Monday, August 28, 2006

i'm calling out to you.

friends. i need your prayers.i need your assurance. i need your patience. i need your help.i am not in a good time right now and being away from the ones that i am able to confide in and trust dosn't help.i 've never fought with my sister before(there is 14 years between us)..but in the last week it has been stressful to the breaking point.i'm hurt and i'm sure she is too.i need the patience to get through these last days .i'm tired , afraid and stressed. Thing that she's does when she's stressed are the things that stress me the most. And i know that i'm not the easiest person to live with either.this is a small glimps into some of the stuff that i am dealing with right now.

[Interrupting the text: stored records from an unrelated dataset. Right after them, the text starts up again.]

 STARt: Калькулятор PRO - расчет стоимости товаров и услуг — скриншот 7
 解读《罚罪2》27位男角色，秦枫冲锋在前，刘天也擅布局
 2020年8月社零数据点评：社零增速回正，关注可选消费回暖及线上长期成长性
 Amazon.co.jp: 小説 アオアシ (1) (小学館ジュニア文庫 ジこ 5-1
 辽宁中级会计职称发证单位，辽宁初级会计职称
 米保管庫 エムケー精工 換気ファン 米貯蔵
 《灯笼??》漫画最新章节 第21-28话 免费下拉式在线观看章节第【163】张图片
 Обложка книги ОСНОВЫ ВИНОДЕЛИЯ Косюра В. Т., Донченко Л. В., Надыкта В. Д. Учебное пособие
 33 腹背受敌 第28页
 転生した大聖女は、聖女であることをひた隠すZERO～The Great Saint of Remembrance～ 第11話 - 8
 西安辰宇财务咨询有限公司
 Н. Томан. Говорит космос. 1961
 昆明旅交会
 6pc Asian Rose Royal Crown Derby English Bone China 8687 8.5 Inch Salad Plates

I apoligize if i seem like i am hiding . hiding things that make me who i am.hiding from the people whom i trust the most.
right now what i need is not for you to tell me that it is gonna be ok . but you to be here with me when it's not.
friends here's the truth.i live behind a mask. a mask that tells people that i'm a happy go lucky person who is not easily angered and that is laid back. who has a perfect life a perfect family.and the truth is that i would love for everyone to go on believing those things.but the problem is that would be a lie to you and to myself.And i'm afraid that if i don't try to slowly break away the mask that it may get messy and you will all quickly realise who i am.so again i ask you for your prayers your assurance your patience. i need your help.

Sunday, August 27, 2006

i hate the word someone.that is it.i hate it.i wish that i never had to use the word ever again.
.the end.
the rock won't get out of my shoe...it's starting to hurt.